Sapir-Whorf and You

There is a tidbit in the Python glossary:

EAFP
Easier to ask for forgiveness than permission. This common Python coding style assumes the existence of valid keys or attributes and catches exceptions if the assumption proves false. This clean and fast style is characterised by the presence of many try and except statements. The technique contrasts with the LBYL style common to many other languages such as C.

There is a conjecture called the Sapir-Whorf hypothesis which, in a nutshell, states that the languages you ‘speak’ shape the way you think and reason about the world around you.
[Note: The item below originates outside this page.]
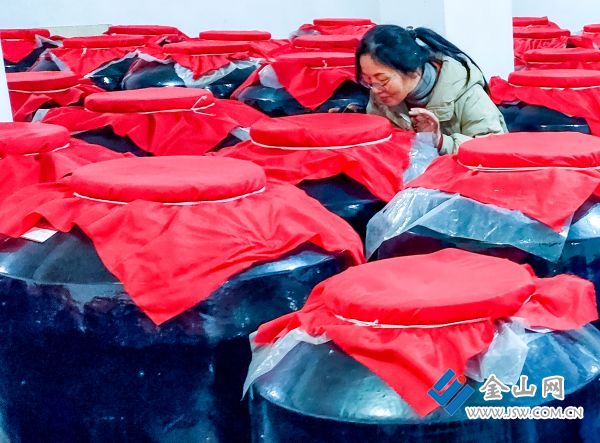 《古镇非遗的米酒飘香》过大年到古镇宝堰赏非遗&mdash;&mdash;老岳酒坊。纯粮酿造的米酒飘香，吸引了众多游客前来观赏品尝。拍摄于大年初三 周垒13852945166 (5)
If we take Sapir-Whorf as proven fact and look at programming languages a curious discovery crops up: the languages people code in certainly do manipulate the way they think about building programs. The above quote from the Python glossary is a shining example; even most other imperative languages would shun the use of exceptions except for exceptional cases, but Python makes it normal control flow! An example in Python is casting a string to an int:

s = ‘7’
i = int(s) # => 7

What if we give int garbage?

s = ‘string’
i = int(s) # => Raises a ValueError exception

If we write a program that will be turning strings into integers and there’s a chance the string is garbage, the Python way is to just assume the string is fine, but put a try-catch around the exception throwing statement:

s = ‘string’
i = 0
try:
i = int(s)
except ValueError:
pass

Now the throwing of the exception is similar to an if-else, except for the performance hit when the exception is actually thrown and handled. In contrast, per the same quote above, we have the C-ism; Look Before You Leap. In C, we do not have an exception system, so return values, stack snapshots, and other error ‘handling’ mechanisms were born (e.g. errno et. al.). For a long time C programs used number return values to designate particular types of errors; many other C-derived languages took from the same convention (“Error Code 8275”…). In C, there is a function atoi which is similar to int in it’s aim:

#include 
#include
int main() {
char* s = “7”;
int i = atoi(s); // => 7
}

If we pass garbage to atoi, it will simply try to parse as much as it can and if it can’t make sense of anything, it will simply return 0. The only way you can get zero from int is if you invoke it with no arguments whatsoever, e.g. int()or you actually pass a string with one or more zeros.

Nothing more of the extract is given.